Commentary by Frances Gibb

The lifting of gagging orders in the case of the couple battling to prevent a fourth child being adopted is a landmark step in the move by judges towards open family courts. It is the first such ruling made in current care proceedings.

Liz Hartley, a partner in Reynolds Porter Chamberlain, who represented The Mail on Sunday in the case, hailed the ruling as a “landmark decision about open justice in the family courts and the circumstances in which the media should have rights of access to, and be able to report, hearings in the Family Division”.

She pointed out that Mr Justice Munby had said that the issues raised “important points of high principle about open justice and the role of the media in exploring and exposing possible miscarriages of justice”.

He had also acknowledged the vital role of the media “in ensuring the proper functioning of our democracy, as also in furthering the rule of law and the administration of justice”.

The decision coincides with proposals from ministers to open up the family courts and to make their proceedings more transparent.

Judges are broadly in favour of exposing their courts to greater scrutiny, not least to shake off what one judge, Lord Justice Wall, has called the “canard of secret justice”.

Family judges have increasingly been the target of campaigns by fathers’ groups and others who maintain that their decisions over where children should live and over contact are biased.
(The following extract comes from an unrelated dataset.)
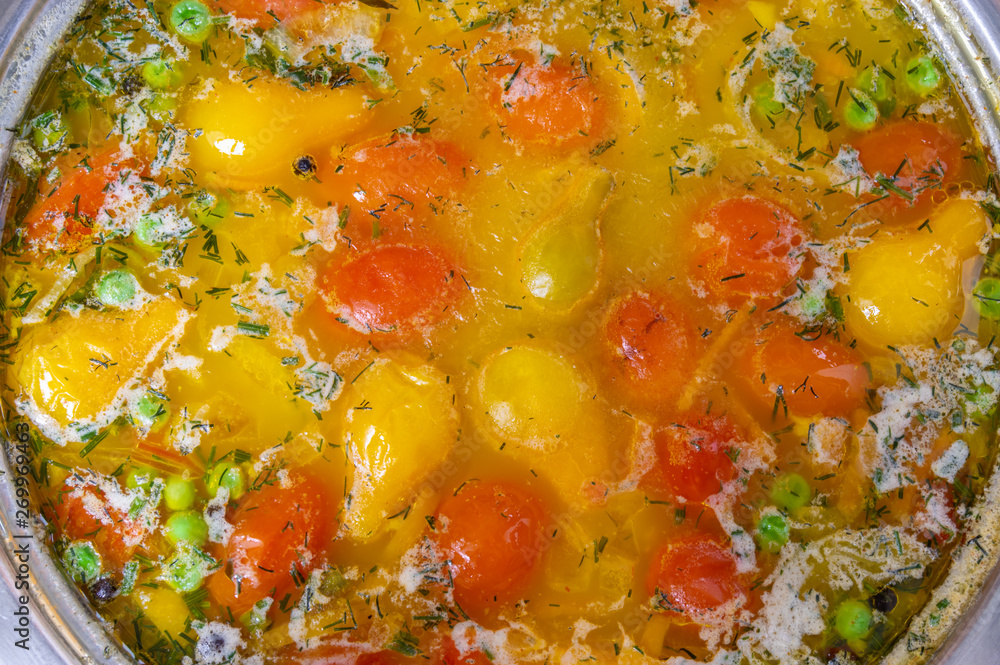 Top view on a pan full of fresh tomato soup Top view on a pan full of fresh tomato soup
This week Lord Justice Wall repeated his call for open courts, saying: “It is unacceptable to me that conscientious judges and magistrates up and down the country, doing their best with inadequate resources and under heavy pressure of work to make difficult decisions in the best interests of children, should be accused of administering ‘secret justice’.”
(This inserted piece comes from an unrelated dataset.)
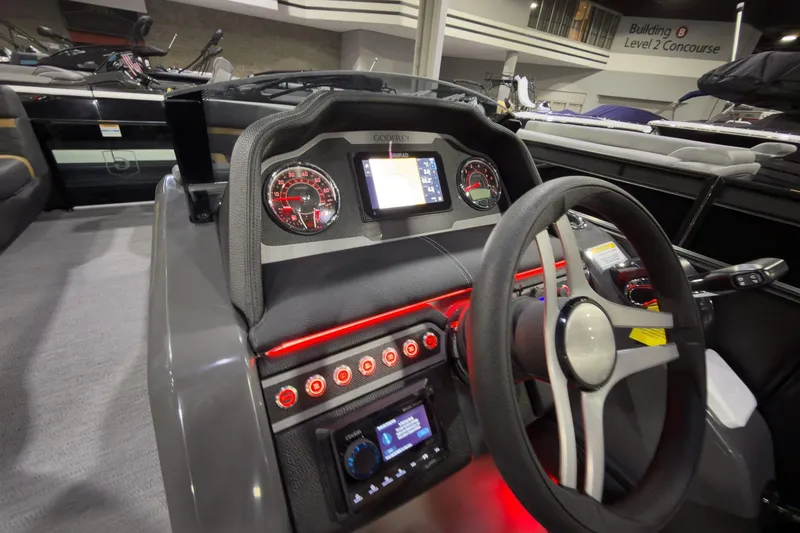Slide: The Image of Interior dashboard of 2026 Godfrey Monaco 255 Ultra Lounge boat, featuring modern controls and steering. - 13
As well as media access, he says that judgments should routinely be given in open court and judges should prepare and issue press releases.

Media access would be conditional: there was still a need to protect the privacy of families and children. But the tension between media presence and privacy could be resolved through rules on anonymity.

Harriet Harman, QC, the Constitutional Affairs Minister, has made clear that the status quo is not an option and that there must be more openness to maintain public confidence.

Consultation on her proposals has just ended. But it seems certain that if the media are to be admitted, the public are not. Senior judges fear that it will be difficult to police the necessary anonymity orders, and that nosey neighbours with a prurient interest in particular cases will pack courts to hear intimate details.

There is also some concern about press coverage. Lord Justice Wall fears that the media “will seek to sensationalise” cases and that editors will “be interested in personalities, not issues”.

He suggested a system of media accrediation with only accedited press representatives being allowed entry to the courts. Such accreditation could be withdrawn, he suggested, if the press did not “reciprocate” and play by the rules.

If the judges are onside in the campaign for openess, the battle is far from over. The 5,000-strong association of family lawyers, Resolution, has just voted against media access, arguing that family cases should always be heard in private unless there are “compelling reasons” to open the court.